- Problem statement:
Retype the data that follows exactly. No pictures belong in the copy.

- Collected material:

--- --- ---

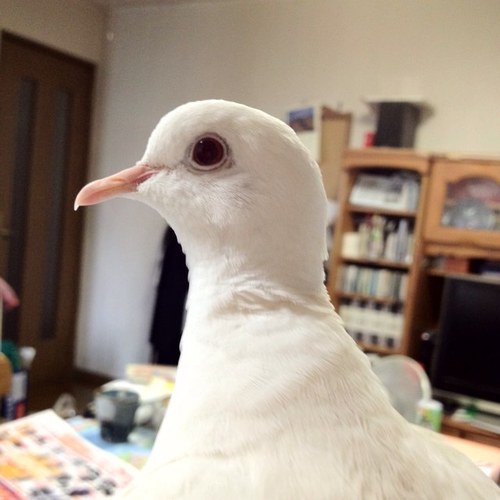 タカ派のハトですが、なにか？ アニメ、酒、美味いもの好き。デジタルガジェットに目がない。カメラ小僧。Nikon Zf、Zfc、Nikon1 J5使い。ギンバトと文鳥。最近イントルーダークラシックでリターンライダー。食べ物写真多い。ラーメン部。ステーキ部。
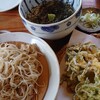 Shirakawa Soba Kakurean - 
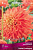 Георгин декоративный Неон Сплендер, 1 шт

--- --- ---

- Final answer:
 タカ派のハトですが、なにか？ アニメ、酒、美味いもの好き。デジタルガジェットに目がない。カメラ小僧。Nikon Zf、Zfc、Nikon1 J5使い。ギンバトと文鳥。最近イントルーダークラシックでリターンライダー。食べ物写真多い。ラーメン部。ステーキ部。
 Shirakawa Soba Kakurean - 
 Георгин декоративный Неон Сплендер, 1 шт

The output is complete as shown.